* Scraped caption text data:
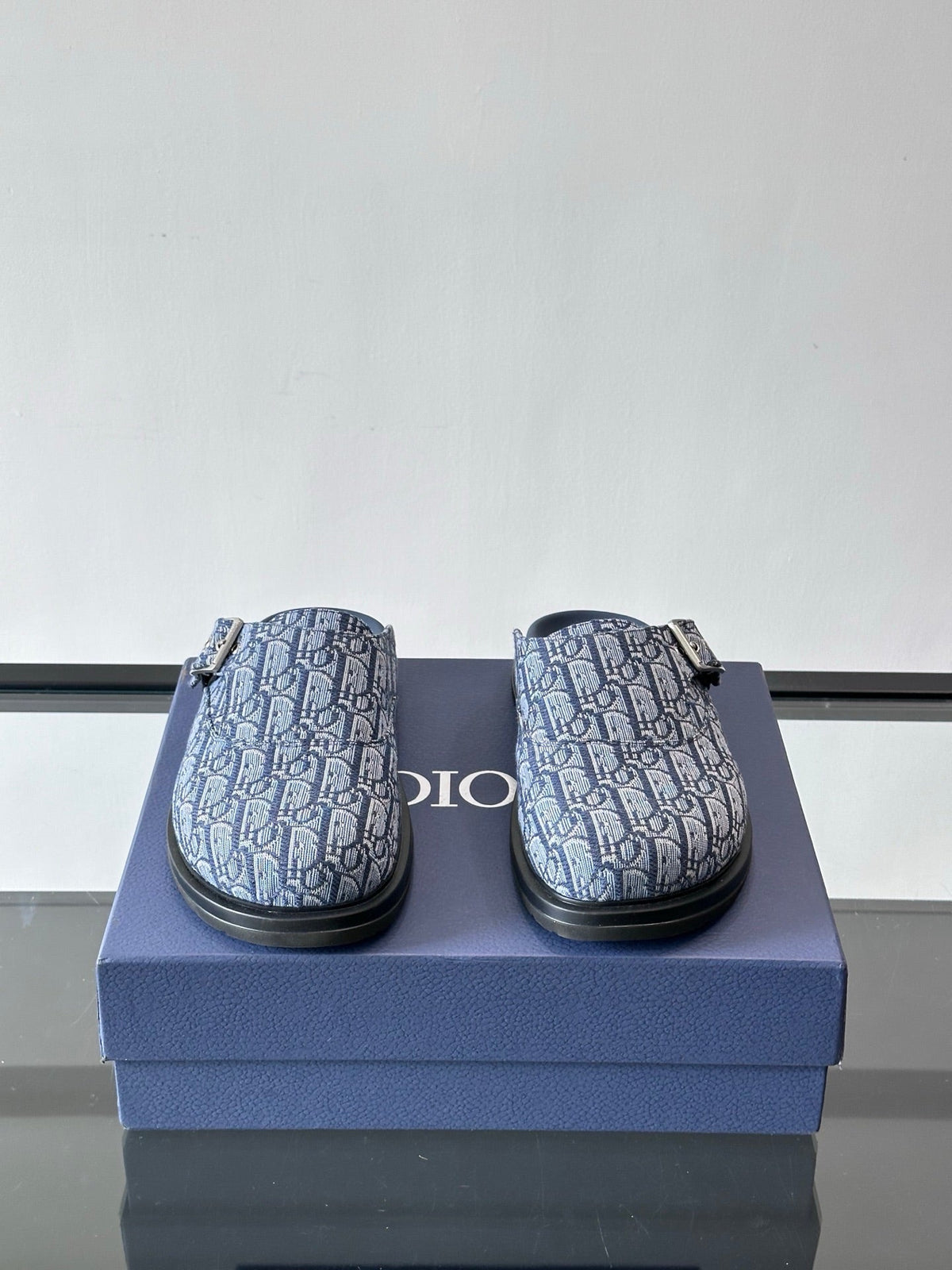 Dior Oblique Print Closed-Toe Mules
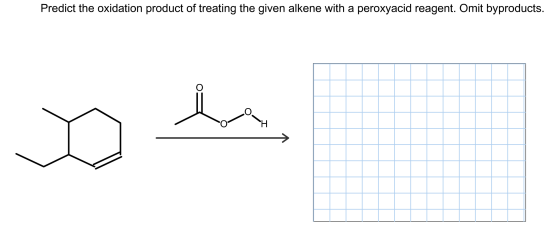 Predict the oxidation product of treating the give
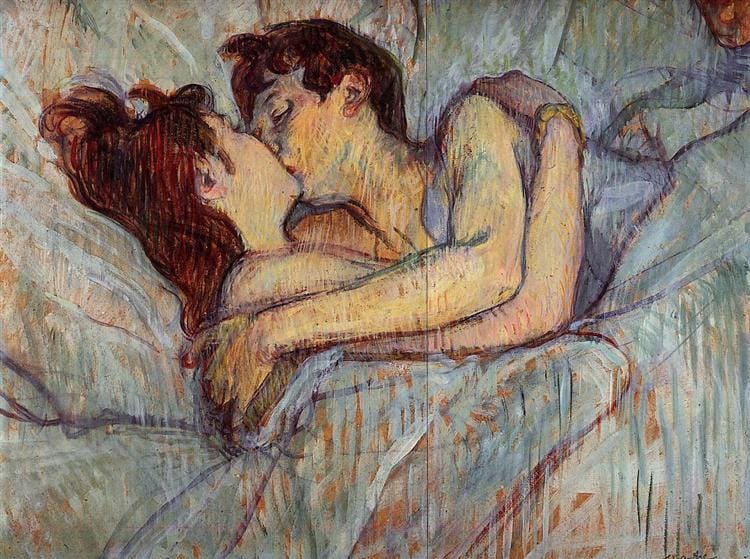 Henri De Toulouse-lautrec In Bed The Kiss 1892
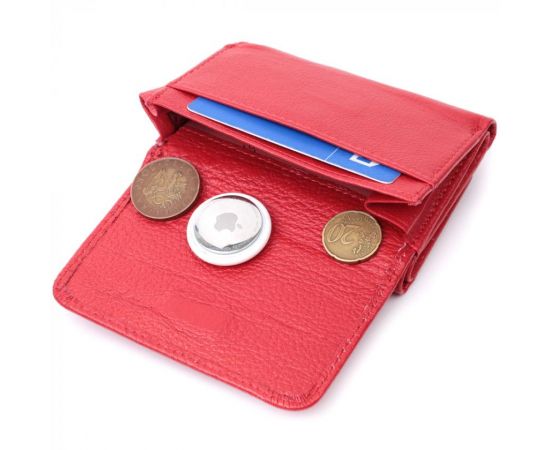 Купить Женское портмоне с монетницей из натуральной кожи ST Leather 22727 Красный, фото , изображение 9, характеристики, отзывы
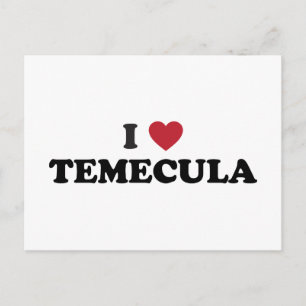 Ich liebe Temecula Kalifornien Postkarte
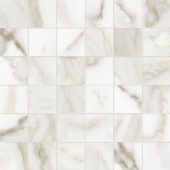 Florence 2X2 Calacatta Matte Mosaic | Qualis Ceramica | Luxury Tile and Vinyl at affordable prices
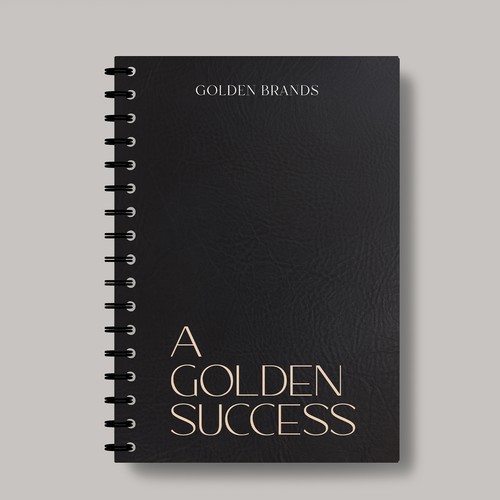 Inspirational Notebook Design for Networking Events for Business Owners Diseño de CREA CO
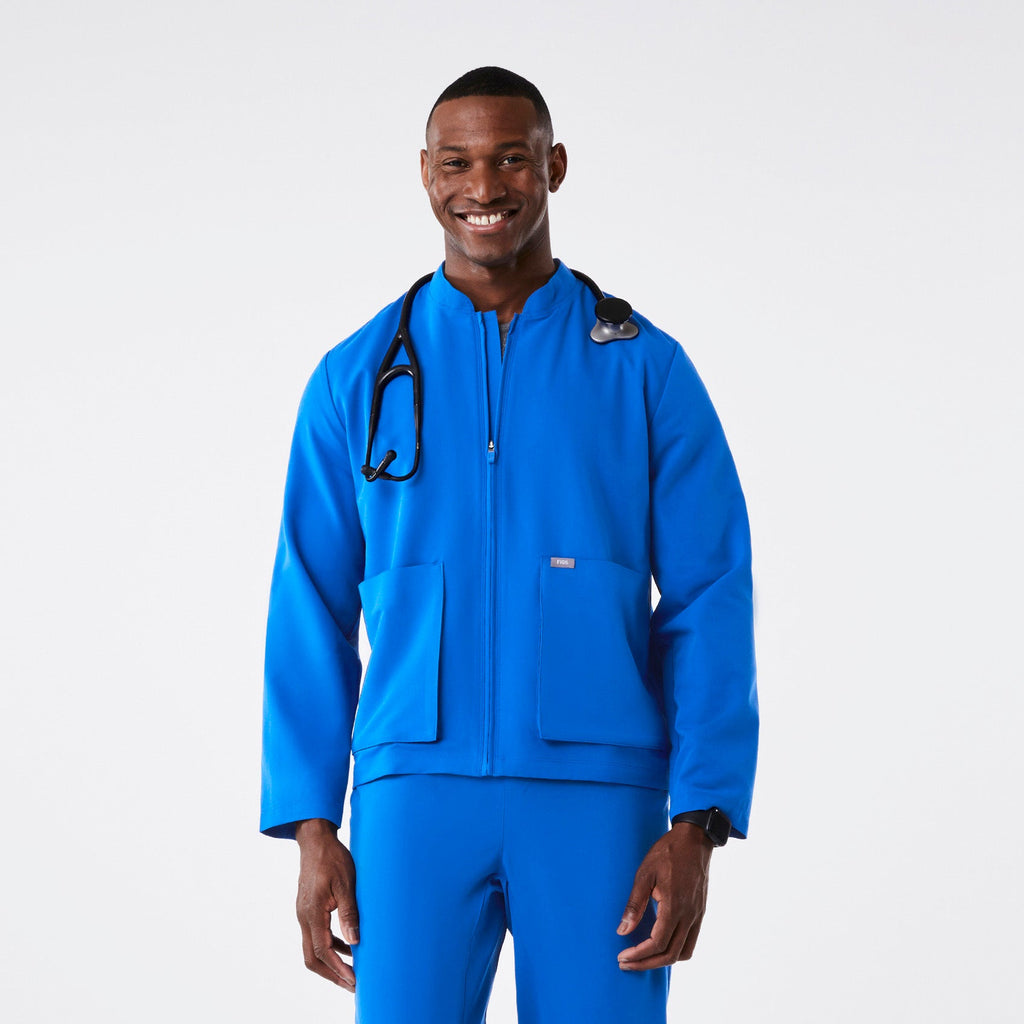 Denver Scrub Jacket - Royal Blue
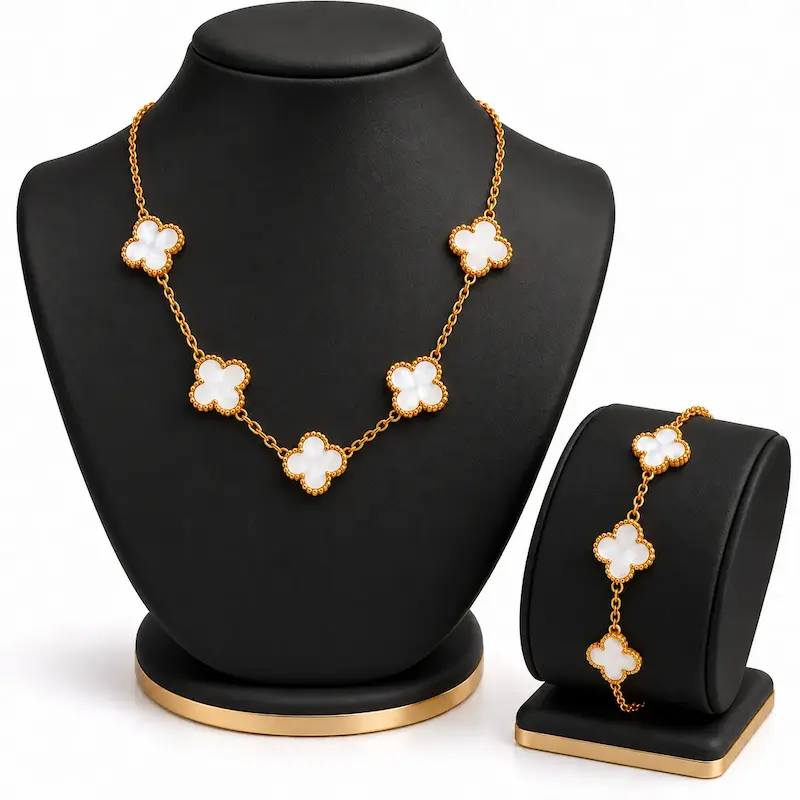 ست گردنبند و دستبند ونکلیف برند Hana Accessory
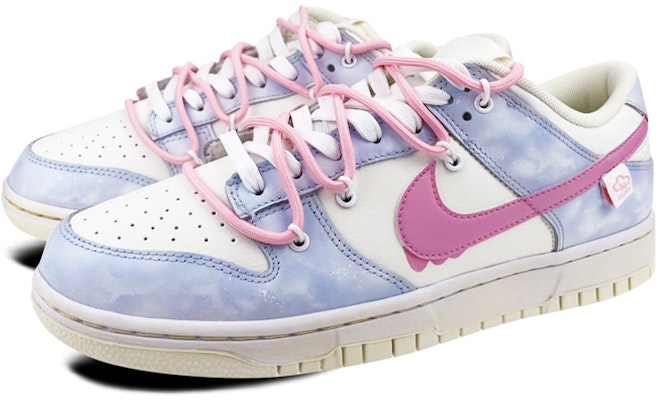 【定製球鞋】 Nike Dunk Low Retro 是在玩鞋 禮盒 椰奶 解構 流淌 粉色雲朵 低筒 板鞋 男款 藍粉紫 Lookbook 【定製球鞋】 Nike Dunk Low Retro 是在玩鞋 禮盒 椰奶 解構 流淌 粉色雲朵 低筒 板鞋 男款 藍粉紫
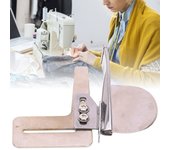 Dobladora de máquina de coser plana de tela dura dobladora de máquina de coser de una sola aguja (entrada 1-1/4 salida 5/8)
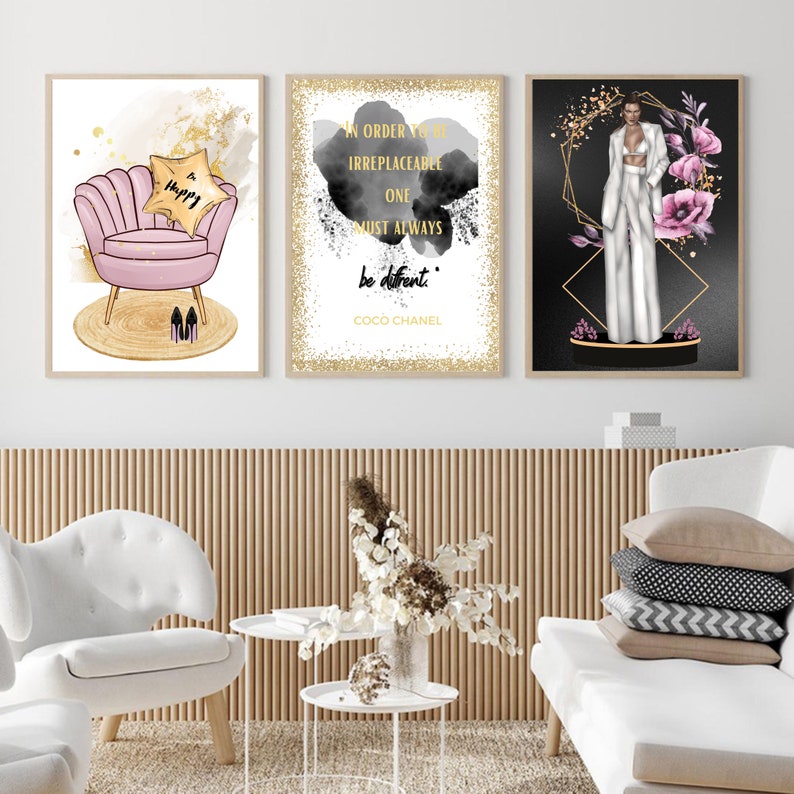 Fashion Poster Fashion Wall Art Dressing Room Decor 6 Etsy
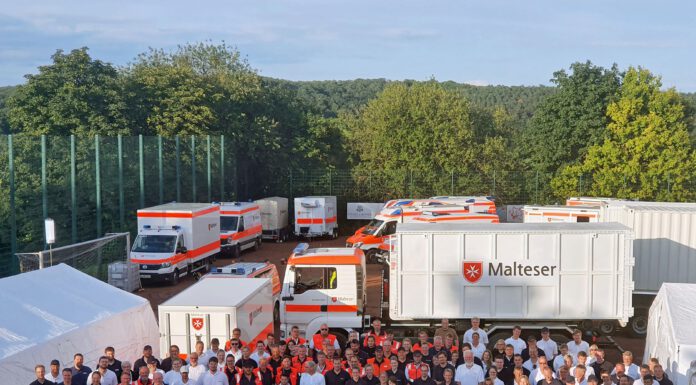 Malteser aus Niedersachsen beendeten Hochwassereinsatz in Ahrweiler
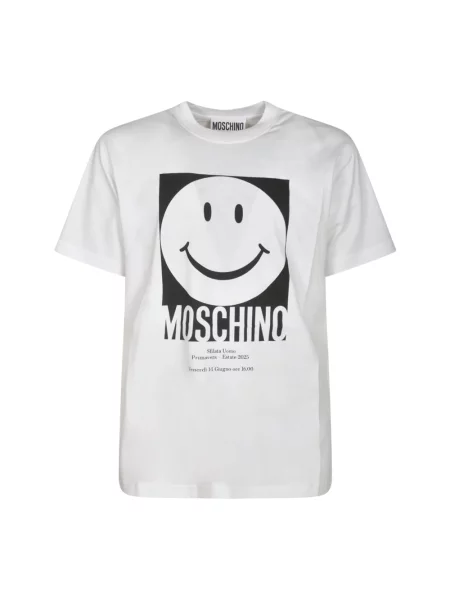 Koszulka Moschino biała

* What is expected:
Look above for the line containing "Ich liebe Temecula Kalifornien Postkarte", then retype it and each line after it to the end of the records, exactly and without pictures.

* Written response:
 Ich liebe Temecula Kalifornien Postkarte
 Florence 2X2 Calacatta Matte Mosaic | Qualis Ceramica | Luxury Tile and Vinyl at affordable prices
 Inspirational Notebook Design for Networking Events for Business Owners Diseño de CREA CO
 Denver Scrub Jacket - Royal Blue
 ست گردنبند و دستبند ونکلیف برند Hana Accessory
 【定製球鞋】 Nike Dunk Low Retro 是在玩鞋 禮盒 椰奶 解構 流淌 粉色雲朵 低筒 板鞋 男款 藍粉紫 Lookbook 【定製球鞋】 Nike Dunk Low Retro 是在玩鞋 禮盒 椰奶 解構 流淌 粉色雲朵 低筒 板鞋 男款 藍粉紫
 Dobladora de máquina de coser plana de tela dura dobladora de máquina de coser de una sola aguja (entrada 1-1/4 salida 5/8)
 Fashion Poster Fashion Wall Art Dressing Room Decor 6 Etsy
 Malteser aus Niedersachsen beendeten Hochwassereinsatz in Ahrweiler
 Koszulka Moschino biała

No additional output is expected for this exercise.